Saturday, April 7, 2012

...but joy comes with the morning

It has been a long six weeks, this Lent, this penitential season that comes every year just before springtime (Lent comes from the same root as the German Lenz, meaning spring) and ends as the bluebonnets and azaleas are blooming and the world is awash with wonder. This week, of course, is Holy Week, and the penitential season goes into high gear even for those who have so far been ignoring it. Not everybody gives up something for Lent, and not everybody goes to church on Good Friday. Some prefer just to wait for Easter and skip the preparation. As full as the church was for our Good Friday Requiem cantata last night, it will be more than twice as full tomorrow. Welcome back, everybody, to joy.

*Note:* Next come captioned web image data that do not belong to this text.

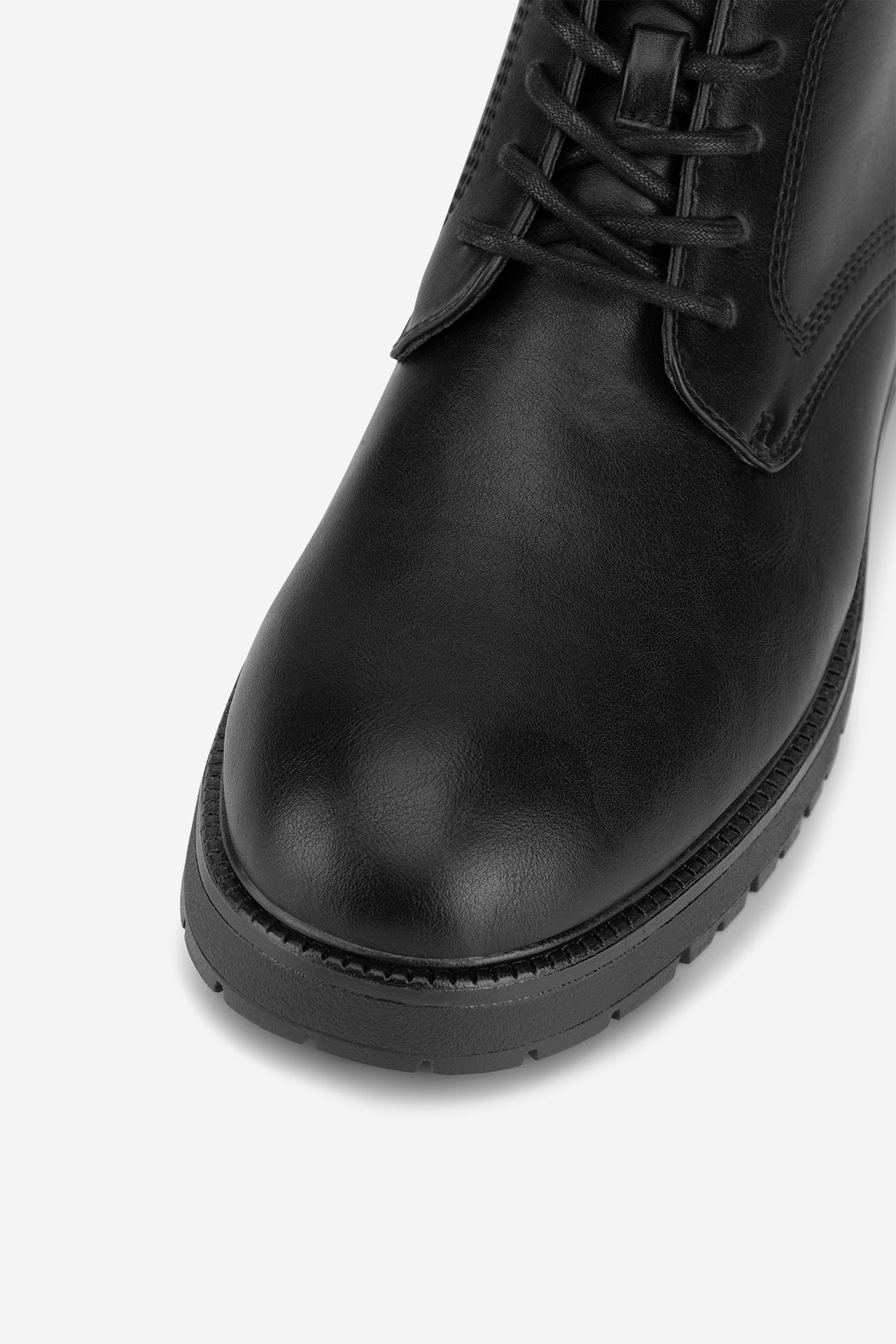 Šněrovací vyšší obuv ČERNÁ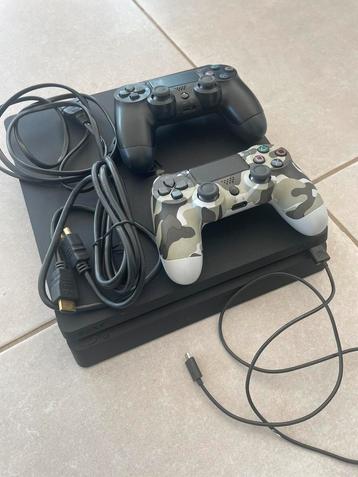PS4 + 2 controllers, Enlèvement ou Envoi, Comme neuf, Avec 2 manettes, Slim
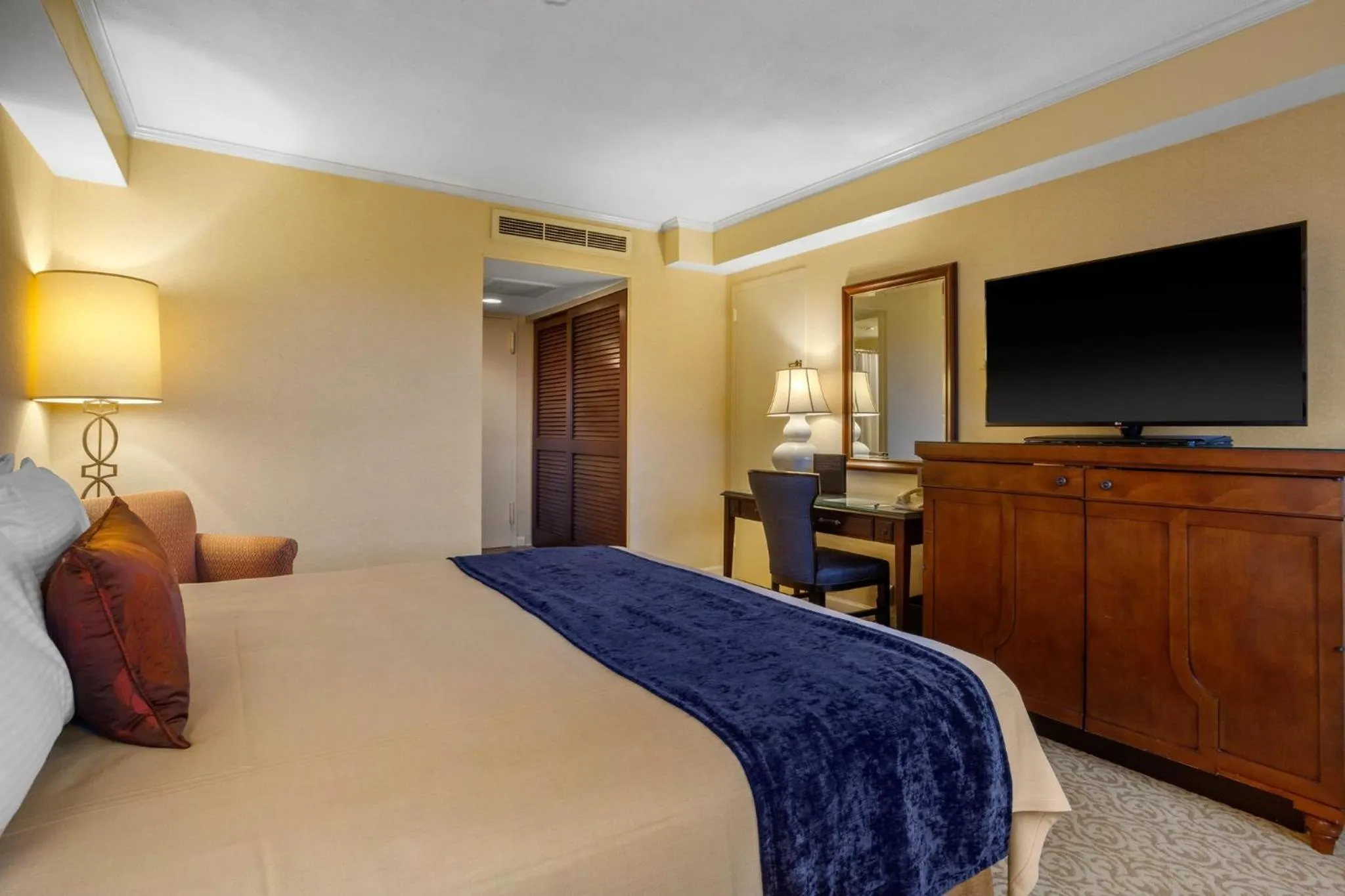 Photo of the whole room, Bed in Omni New Haven Hotel at Yale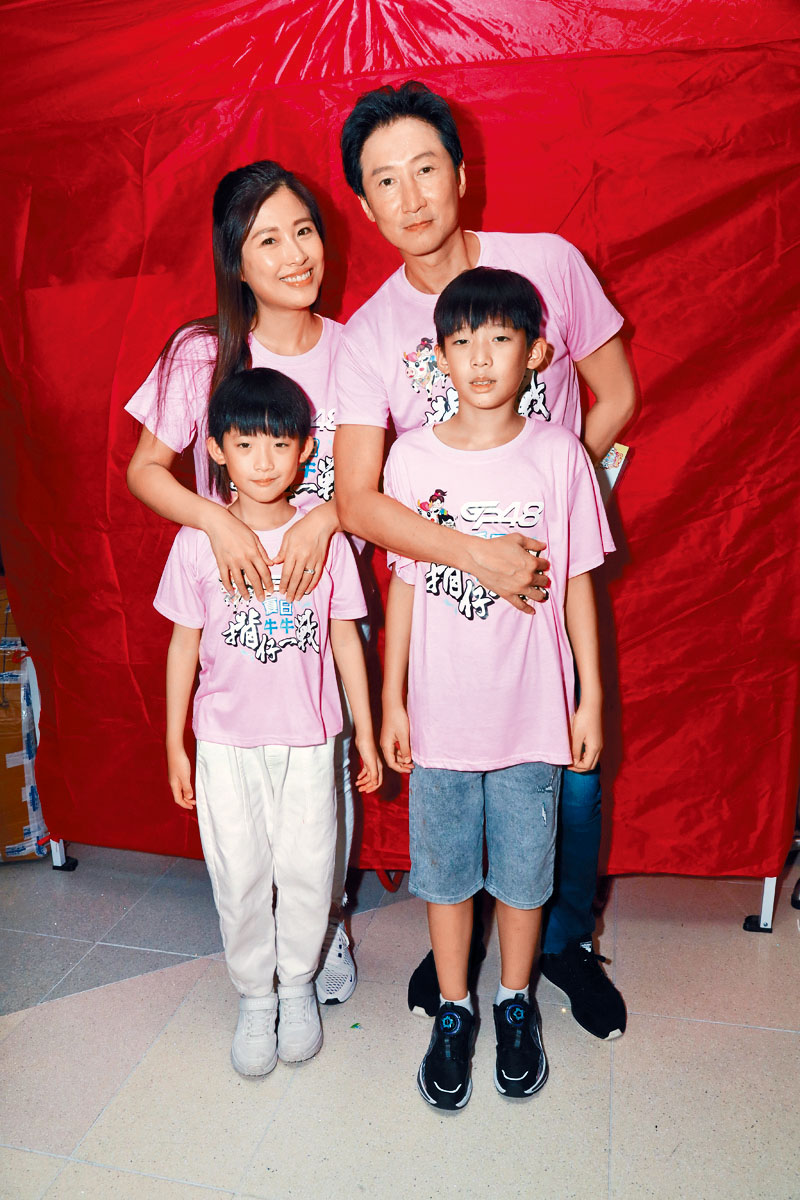 洪天明笑指兩兒子最得爺爺歡心。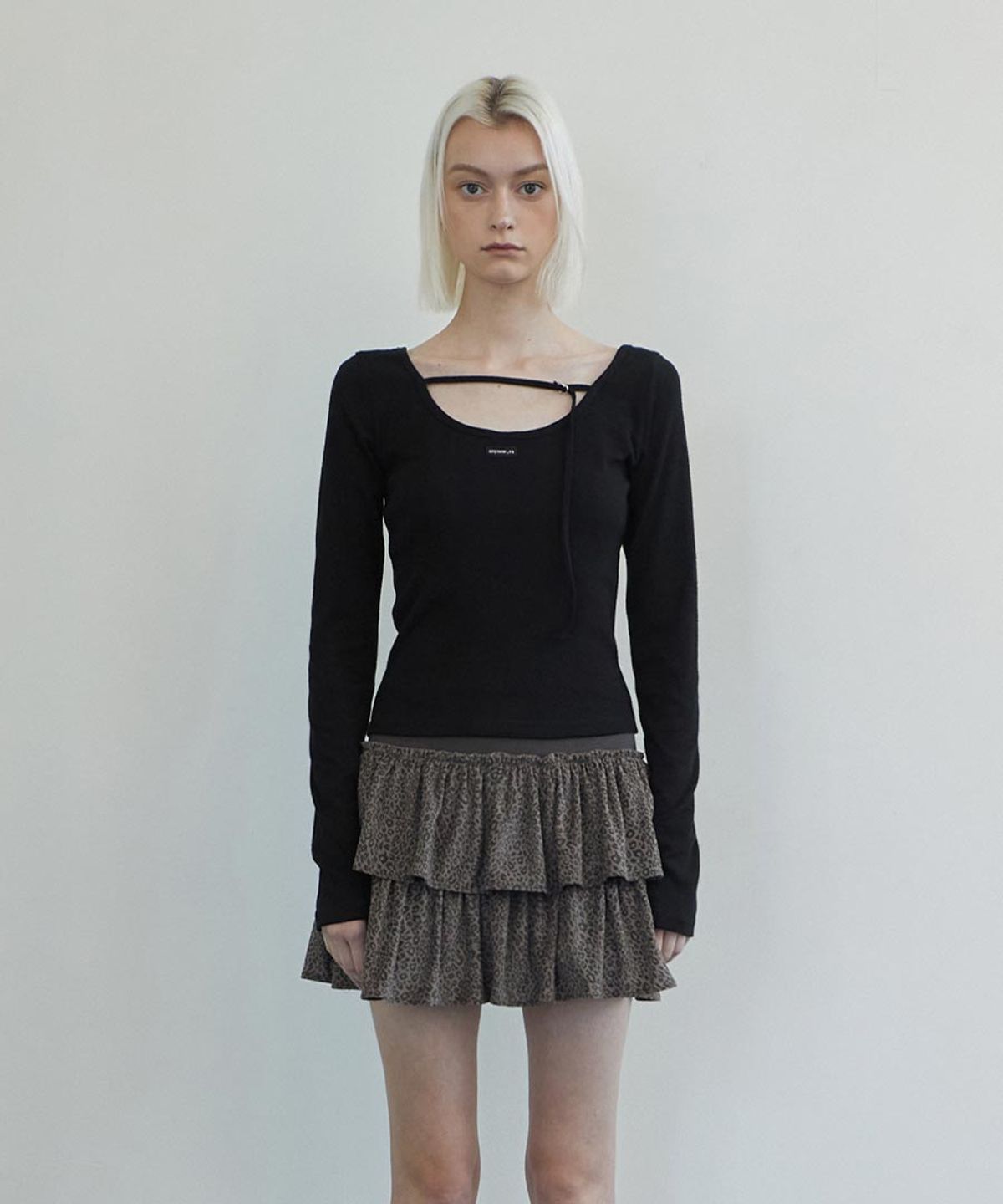 렌세(RENSE) Back Point Boat Neck Sleeve Black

Of course, it's not really that simple. We live in a relentlessly upbeat culture, in which the expectation is that you can be happy all the time, or at least most of the time, and that if you can't, there's probably a pill you can take for it. How carefully we guard ourselves against our emotions - unless, that is, they're happy ones. I've been reading one email after another on the Yahoo grief support group from people who have lost loved ones recently - many more recently than I - and who are being told on all sides to "get over it" and get back to work. Take off the ring, give away the clothes, move on with your life; that seems to be the gist of it. Above all, be happy again. That's a language we all understand.

So having gone through Lent and an even longer season of mourning that stretches back to the week before Christmas, I want to share something I've learned. Just as grief is not the same thing as depression, so is joy not the same thing as happiness. Joy comes unbidden, in the midst of tears. Joy reaches into the depths of our souls and signals our yearning for what might be, but is not yet. You can be happy and not know joy. You can be sad and know it deeply, and wait patiently for it because you've seen it before and know that it will arrive as a gift of grace, at precisely that moment when you let go of any attempt to pull the strings.

That's why those who go to the Easter service tomorrow hoping for a religious "high" are likely to be disappointed. Sure, they'll sing some happy songs and smell some flowers, and the colors will be bright and encouraging. Maybe they'll watch their children go on an Easter egg hunt, and the famous bunny may even make an appearance. What, you don't believe in the Easter bunny? Actually, I would submit that that is exactly what a lot of people believe in. If you think you can have joy without penitence - rejoicing without mourning - then you believe in the Easter bunny. It's a nice fairy tale, but it's not how life is.

I already knew this, but my mourning over the past months has reminded me of the deep link between grief and joy. Those who have known the most adversity, suffered the most hardship, borne the most grief, are precisely the ones who learn to cultivate joy, who make a habit of inhaling deeply and waiting for the sounds and smells and surprising kaleidoscopic variety of grace.

The other day I stepped outside from my basement office for a breath of fresh air and found that the world was alight with springtime. We had had a pounding rain and hailstorm on Tuesday night that nearly outdid anything I had previously witnessed. Now in my brief respite I saw that the world itself was a breath of springtime freshness, the air pure and fragrant, the familiar paths of Baylor's campus welcoming and inviting, and the pressure of my teaching obligations fell off my shoulders as I walked for half an hour of pure joy, barely knowing or caring where I went.

I've been through some real emotional depths this winter and spring, and I've shared them unstintingly because, as someone suggested to me, I hope to cauterize the wound that the sudden devastating loss of my wife of 23 years inflicted on my soul. While it will be a long time yet, I'm pleased to say I've had inklings that the wound is healing as it should, and that joy, always a silent presence behind the darkest moments of my life, will indeed come with the morning.